Taking a Look at the Collective Bargaining Agreement Opinion Letter

Finally, according to Littler, the DOL released Opinion Letter FLSA2026-3. This letter addresses whether an employer and union could enter into a collective bargaining agreement (CBA) that mandates a 15-minute “roll call” before each shift. That time, however, would be excluded when calculating FLSA overtime premiums.


Specifically, the employees working under the CBA have fixed eight-hour shifts on a “four days on and two days off” schedule. This means they are working 32 hours over every six days. The employer and union were considering adding a mandatory 15-minute roll call before each shift to bring employees closer to 2,080 hours per year. The employer asked the DOL three questions. Those questions are below with the DOL’s answers.
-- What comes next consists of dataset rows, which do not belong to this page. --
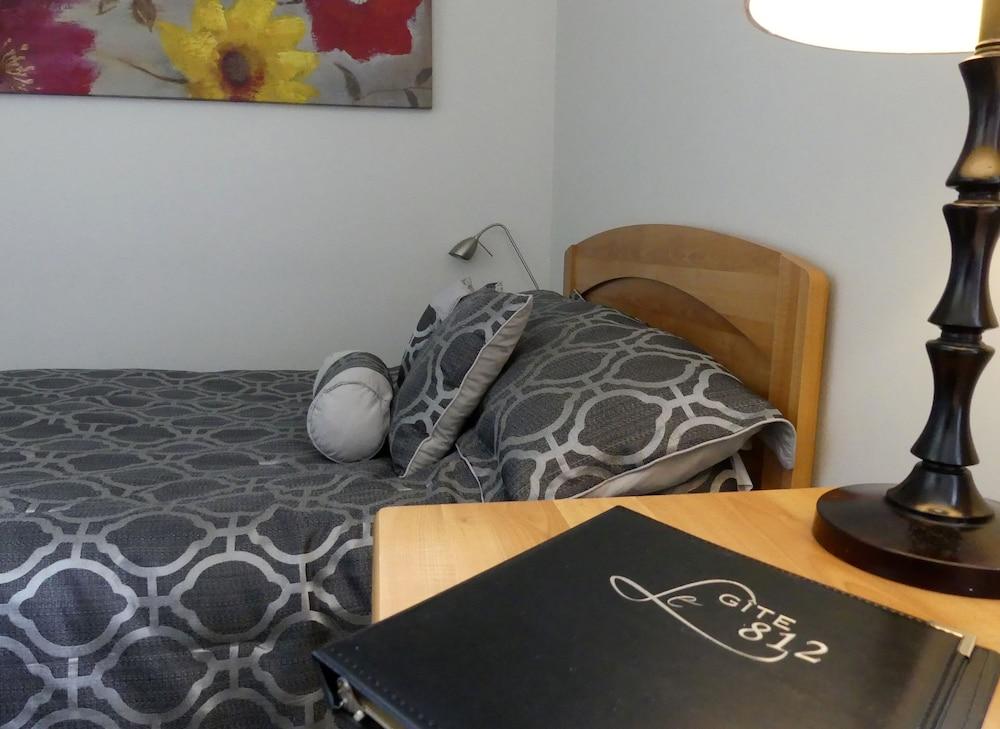 Gîte le 812 - Hostel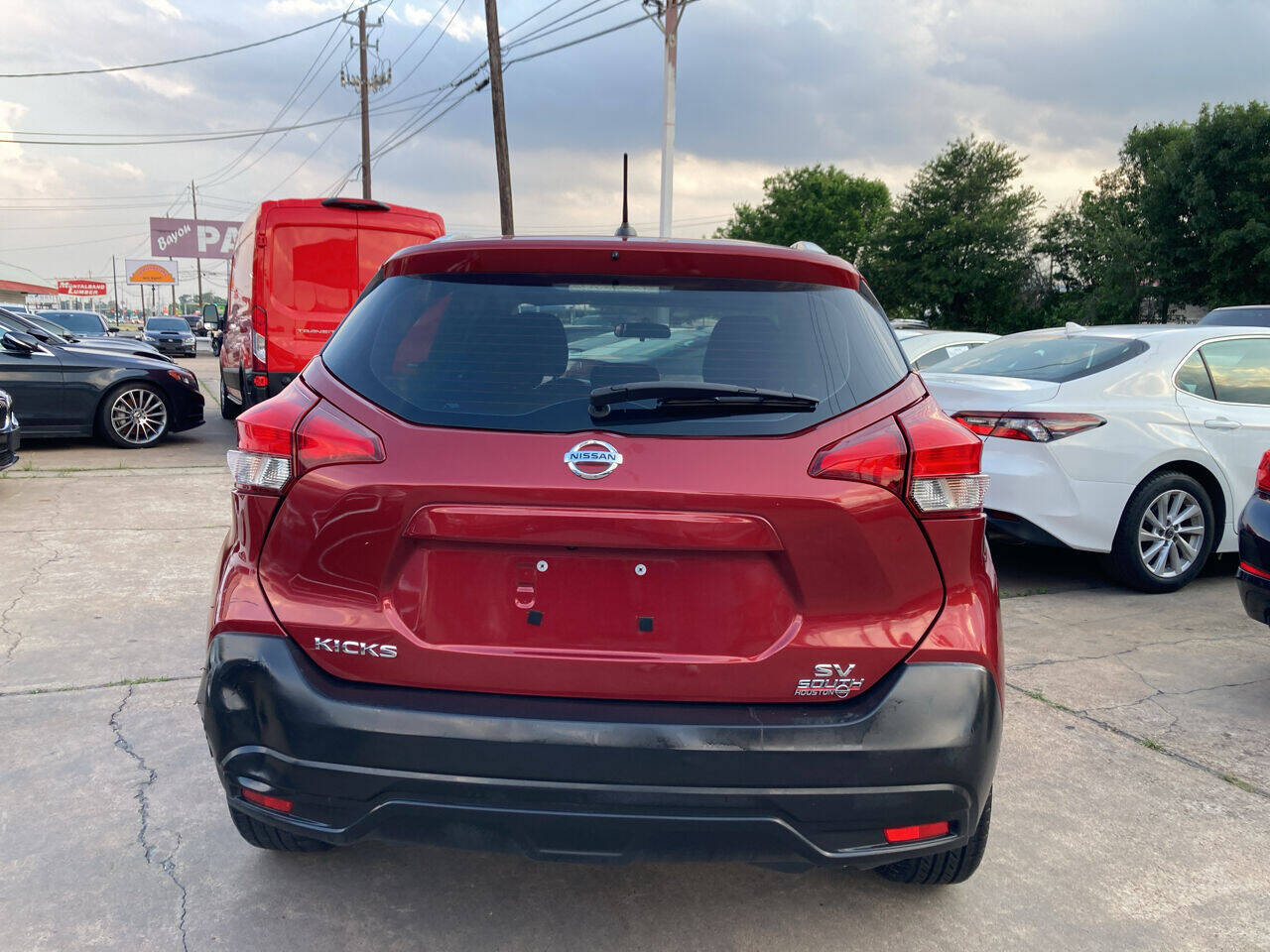 Vehicle image 4 of 12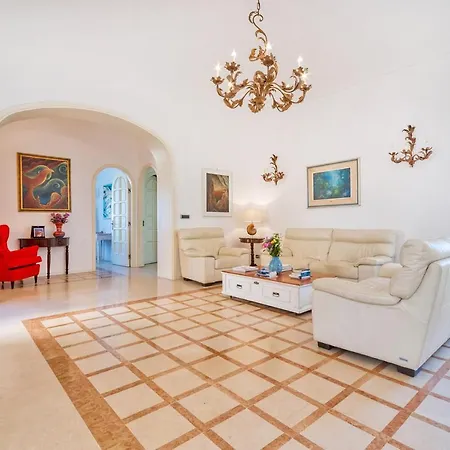 Casa Maiorca *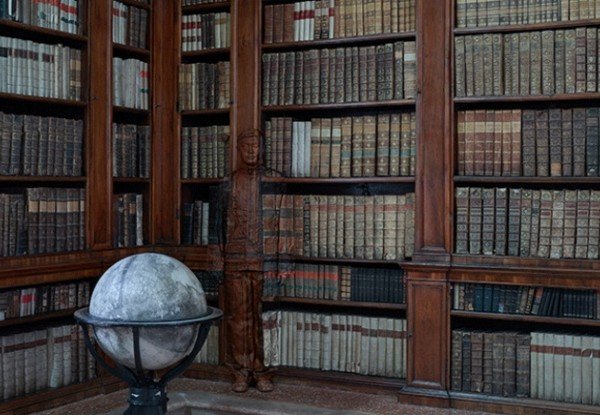 Ο «αόρατος» Κινέζος – Καλλιτέχνης ζωγραφίζει το σώμα του και «χάνεται» μέσα στον καμβά [εικόνες]  | iefimerida.gr 6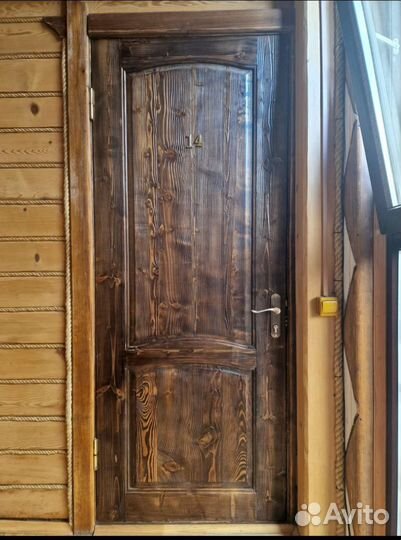 Двери межкомнатные с коробкой из массива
  • Would the mandatory 15-minute roll call period be “hours worked”? Yes, the compulsory roll call time must be counted as “hours worked.
  • Can the roll call period supplement pay periods that would otherwise fall below 80 hours on an ongoing basis? Since an employer must compensate all employees for all hours worked, and because the 15-minute roll call time constitutes compensable hours worked, it must be counted as part of each employee's workweek, regardless of the number of hours each employee works that week.
  • Could the roll call period be excluded from overtime calculations since it would bring employees closer to 2,080 annual hours? The employer may be able to avoid paying overtime for this additional time if the CBA is structured to qualify for one of two partial overtime exemptions available to unionized employers.

Employer Takeaways

In conclusion, as mentioned previously, although the examples used in the opinion letter involve waste management employees, healthcare workers, commissioned employees, and union workers, the FLSA’s laws and regulations apply to most businesses. This publication serves as a timely reminder to all employers to ensure they adhere to the FLSA's wage & hour rules. If you have any questions, please consult your local labor office or seek the advice of your legal counsel.